Cynics could dismiss Davi as yet another take on the Great American Songbook, getting in line behind Rod Stewart or the guy who won “America’s Got Talent.”
But the 58-year-old actor had formal vocal training from childhood, as well as an authentic connection to Sinatra. His first paid acting job was in Sinatra’s 1977 TV movie “Contact on Cherry Street,” and the two stayed in touch for the rest of the legend’s life.
“We had a commonality of loving that music and the opera,” Davi says. Beyond that, “who knows what made it click?”
But Sinatra could sense the young actor was sensitive about the facial scars that typecast him as a heavy.
“One time he said something to me that could have been a very personal statement. I was a bit self-conscious about my skin. And he said, ‘Those scars make you who you are. Wear them and be happy about them.’ ”
Before he won the part in Sinatra’s cop drama, Davi paid for his acting and singing lessons by waiting tables in an upscale restaurant near Lincoln Center.
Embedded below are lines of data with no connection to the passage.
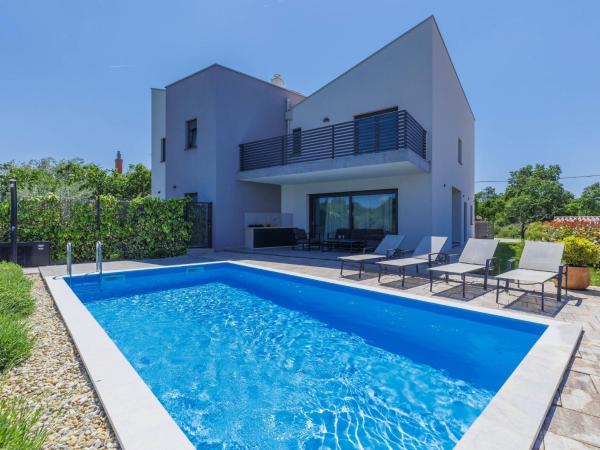 På bilden syns objektet Holiday Home Villa Isabela by Interhome som ligger i staden Vržnaveri.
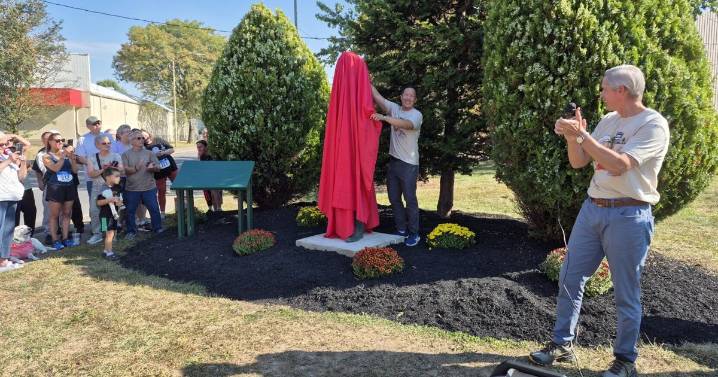 Milton Harvest Festival unveils statue of Chef Boyardee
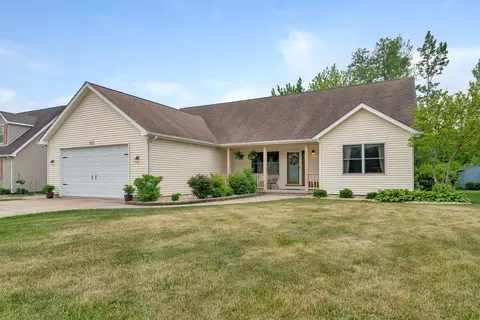 Exterior - 817 W 3rd St, Braidwood, IL 60408 photo 2 of 9
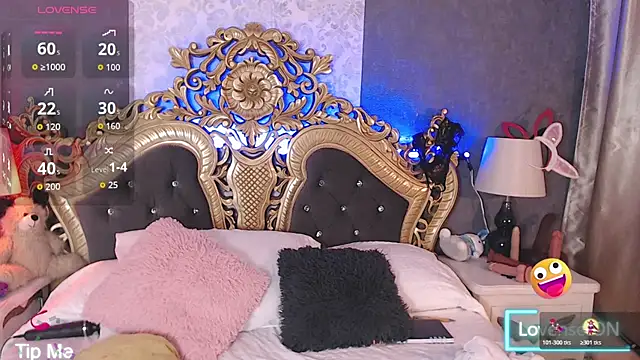 Giselle Noah online show from 11, 11, 2025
But he was fired when he was too slow to realize the job required a kickback to the general manager.
One night during the “Cherry Street” shoot, Davi was told, “The old man wants to take us to dinner.” He hopped in a limo, and “they pull in front of the restaurant I got fired from. Sinatra looks over with just a smile: ‘C’mon, let’s go eat.’ ”
Davi figures he has something else in common with Sinatra when he draws from his bad-guy image: “Not many of the acts have edge. That sense of danger was exciting onstage. I don’t think there’s anybody singing today, that if he said, ‘I’m gonna break your legs,’ you’d believe it.”
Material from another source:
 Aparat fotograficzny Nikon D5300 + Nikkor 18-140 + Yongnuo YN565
He took a cue from the work of another friend, Chazz Palminteri’s “A Bronx Tale,” in weaving familiar standards such as “All the Way” and “Witchcraft” into a framing narrative. “The juxtaposition of that (edge) with the romance, the poetry, gives it a whole other kind of thing I would like to bring back to Vegas.”
Though Davi has a cable news presence as a political conservative — and says his invitation to perform came directly from Las Vegas Sands Corp. CEO Sheldon Adelson, of late in the news for his Newt Gingrich super-PAC contributions — he says standards have the power to unite, not divide.
After singing on screen in the 2008 movie “The Dukes,” Davi took “the temperature of the country,” and decided it’s “divisive more so than I ever remembered.” He decided to remind people the Great American Songbook is “the Shakespeare of American music, and it transcends more than any other music. … It’s what made the world fall in love with America.”
The songs that got the country through the Depression and World War II are “filled with optimism and hope,” he says. “There’s a message in my wanting to do this that’s motivating me.”